▶ [EXERCISE BRIEF]: There is a line containing "中国生物制药、<hl>科</" in the entries below. Repeat that line and every line after it exactly, and nothing more.

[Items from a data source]
-------

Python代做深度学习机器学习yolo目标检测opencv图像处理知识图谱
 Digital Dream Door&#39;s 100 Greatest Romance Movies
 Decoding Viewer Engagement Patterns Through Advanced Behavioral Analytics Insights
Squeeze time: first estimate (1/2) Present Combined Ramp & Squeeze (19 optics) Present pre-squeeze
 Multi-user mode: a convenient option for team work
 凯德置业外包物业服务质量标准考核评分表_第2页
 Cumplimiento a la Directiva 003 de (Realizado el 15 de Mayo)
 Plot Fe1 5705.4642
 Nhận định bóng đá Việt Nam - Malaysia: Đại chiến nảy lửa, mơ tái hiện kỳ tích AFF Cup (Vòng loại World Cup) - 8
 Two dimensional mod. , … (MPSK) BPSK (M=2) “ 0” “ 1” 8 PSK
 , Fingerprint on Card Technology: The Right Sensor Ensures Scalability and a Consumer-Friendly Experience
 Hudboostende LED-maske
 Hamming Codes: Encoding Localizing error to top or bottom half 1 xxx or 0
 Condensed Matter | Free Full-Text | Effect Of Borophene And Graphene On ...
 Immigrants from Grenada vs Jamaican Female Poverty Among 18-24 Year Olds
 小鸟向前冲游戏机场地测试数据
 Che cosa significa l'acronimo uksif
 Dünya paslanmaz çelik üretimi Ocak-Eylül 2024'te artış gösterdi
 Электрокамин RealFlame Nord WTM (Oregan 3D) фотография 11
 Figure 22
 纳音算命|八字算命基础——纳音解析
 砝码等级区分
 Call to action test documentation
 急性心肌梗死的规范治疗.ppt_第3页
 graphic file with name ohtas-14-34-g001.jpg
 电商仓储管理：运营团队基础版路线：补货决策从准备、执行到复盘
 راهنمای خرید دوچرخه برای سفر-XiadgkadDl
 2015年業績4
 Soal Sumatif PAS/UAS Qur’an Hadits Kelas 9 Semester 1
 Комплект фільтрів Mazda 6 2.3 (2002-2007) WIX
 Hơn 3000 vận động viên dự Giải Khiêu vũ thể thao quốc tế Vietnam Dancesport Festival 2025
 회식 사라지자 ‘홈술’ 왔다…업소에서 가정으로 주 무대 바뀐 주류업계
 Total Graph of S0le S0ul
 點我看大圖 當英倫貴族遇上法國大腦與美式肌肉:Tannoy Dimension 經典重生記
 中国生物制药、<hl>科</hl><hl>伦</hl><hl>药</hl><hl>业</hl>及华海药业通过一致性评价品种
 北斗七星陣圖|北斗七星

-------

▶ [ANSWER SPACE]:
 中国生物制药、<hl>科</hl><hl>伦</hl><hl>药</hl><hl>业</hl>及华海药业通过一致性评价品种
 北斗七星陣圖|北斗七星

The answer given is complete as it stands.